Uit de inlichtingen van het hoofd van de inrichting komt het volgende naar voren. Het beleid ten aanzien van het beschikbaar stellen van computers en andere mediadragers aan patiënten dient dienstbaar te zijn aan de behandeling van de verpleegde en
zijn
veilige en verantwoorde terugkeer naar de maatschappij. Complicerende factor bij het toestaan van computers, mediadragers en programmatuur is dat de controle op gemaakte afspraken ingewikkeld is en veel tijd en specifieke deskundigheid vergt. De
inrichting beraadt zich momenteel op een stringenter beleid ten aanzien van het gebruik van individuele computers, laptops en andere mediadragers vanwege enkele gebeurtenissen. De patiënten zijn hiervan op de hoogte gesteld door middel van brieven van
22 augustus en 1 oktober jl. Een eerste stap binnen dit nieuwe beleid is om patiënten die op de opname- en behandelafdelingen verblijven dergelijke eigendommen uit te laten voeren. Het betreft onder andere laptops, pc’s, usb-sticks en mobiele
telefoons.
Patiënten krijgen tot 1 maart 2014 de tijd om deze goederen uit te voeren. Hiervoor ontvangen zij een vergoeding van € 7,50. Door de inrichting wordt gewerkt aan alternatieven die dienen ter vervanging.

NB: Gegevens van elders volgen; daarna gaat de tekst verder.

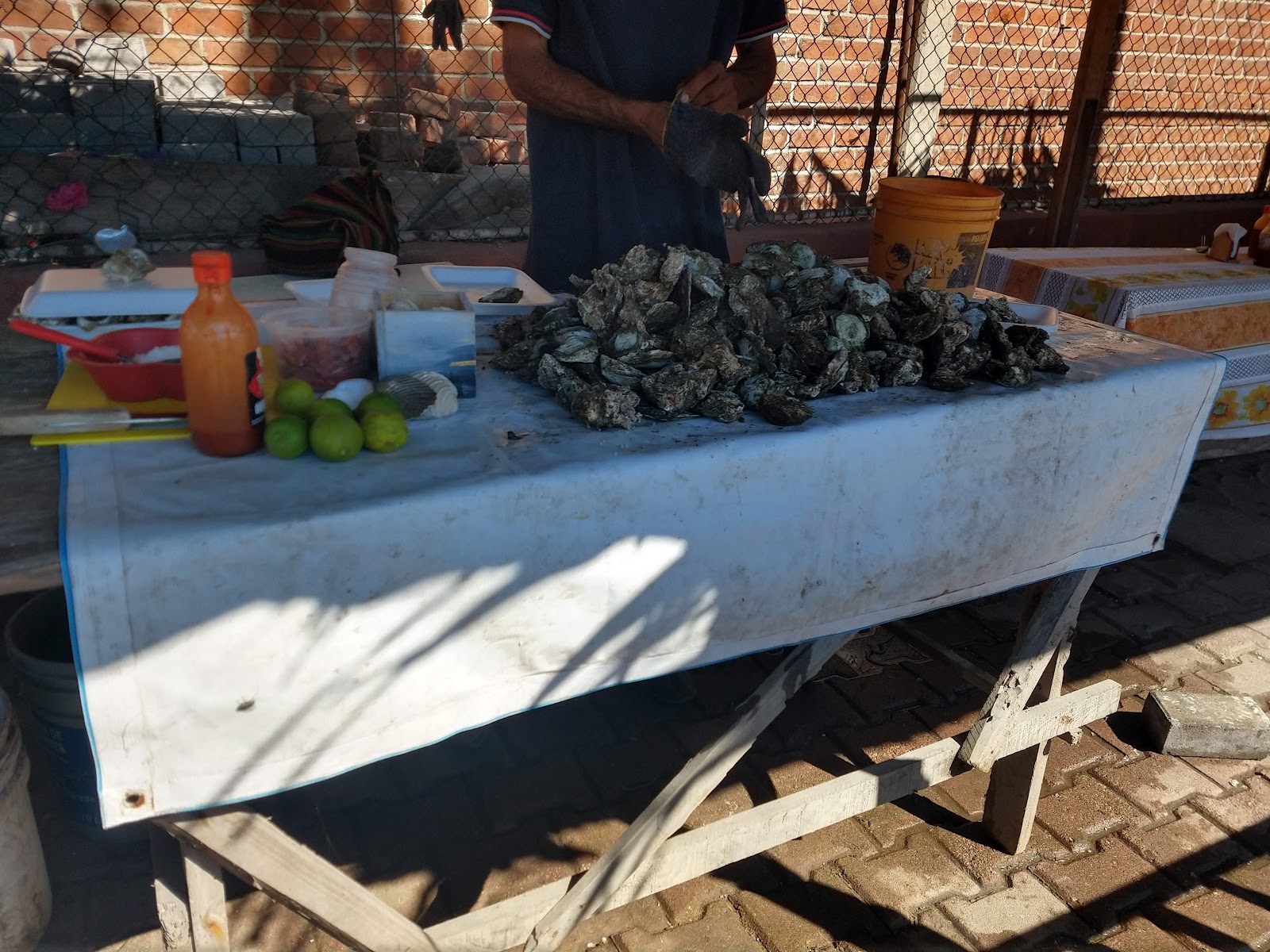 leetx-google-photo-64886-8 leetx-google-photo-64886-8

Het is niet helder op welke wijze het resocialisatietraject van verzoeker door de beslissing in het gedrang zou komen en wordt ook door verzoeker niet onderbouwd. Voor patiënten die op de resocialisatieafdelingen verblijven geldt namelijk een geheel
ander beleid. Op verzoek van de patiëntenraad is het besluit tot uitvoer van spelcomputers nogmaals overwogen. Besloten is de spelcomputers, X-box, game consoles e.d van de lijst te schrappen. Deze hoeven niet per 1 maart 2014 te zijn uitgevoerd.
2. De beoordeling
De voorzitter stelt voorop dat in het kader van het verzoek om schorsing van een beslissing van het hoofd van de inrichting slechts ruimte bestaat voor een voorlopige beoordeling en dat de zaak niet ten gronde kan worden onderzocht en beslist. Aan de
orde is daarom slechts de vraag of de bestreden beslissing tot wijziging van het beleid rondom computers en andere mediadragers ten gevolge waarvan verzoeker verplicht is zijn computer voor 1 maart 2014 uit te voeren zodanig onredelijk is dat er een
spoedeisend belang is om thans over te gaan tot schorsing van die beslissing van het hoofd van de inrichting. Naar het oordeel van de voorzitter is dat, mede gelet op de inlichtingen van het hoofd van de inrichting, het geval. Uit deze inlichtingen
blijkt immers dat het gewijzigde beleid per 1 maart 2014 in zal gaan, maar dat er nog geen eenduidig beleid rondom computers en andere mediadragers is vastgesteld. Onduidelijk is of de beleidswijziging moet worden gezien als een wijziging van de
huisregels zoals bedoeld in artikel 44, tweede lid, van de Bvt, met andere woorden: worden de in de bijlage van de bestreden beslissing genoemde voorwerpen per 1 maart 2014 aangemerkt als verboden voorwerpen op bepaalde afdelingen. Of heeft de
wijziging
betrekking op de toestemming die onder de huidige huisregels kan worden verleend in het verplegings- en behandelingsplan dan wel door de zorgmanager. Door de inrichting wordt tevens nog gewerkt aan alternatieven die dienen ter vervanging. Pas als dit
gewijzigde beleid is vastgesteld en goedgekeurd, kan naar het oordeel van de voorzitter toetsing plaatsvinden van het gewijzigde beleid aan onder andere artikel 44, tweede lid van de Bvt. Het rechtszekerheids- en zorgvuldigheidsbeginsel verzetten zich
ertegen dat vooruitlopend hierop verzoeker wordt verplicht de in de bestreden beslissing genoemde voorwerpen uit te voeren. Het verzoek zal daarom worden toegewezen.
3. De uitspraak
De voorzitter wijst het verzoek toe en schorst de beslissing van het hoofd van de inrichting.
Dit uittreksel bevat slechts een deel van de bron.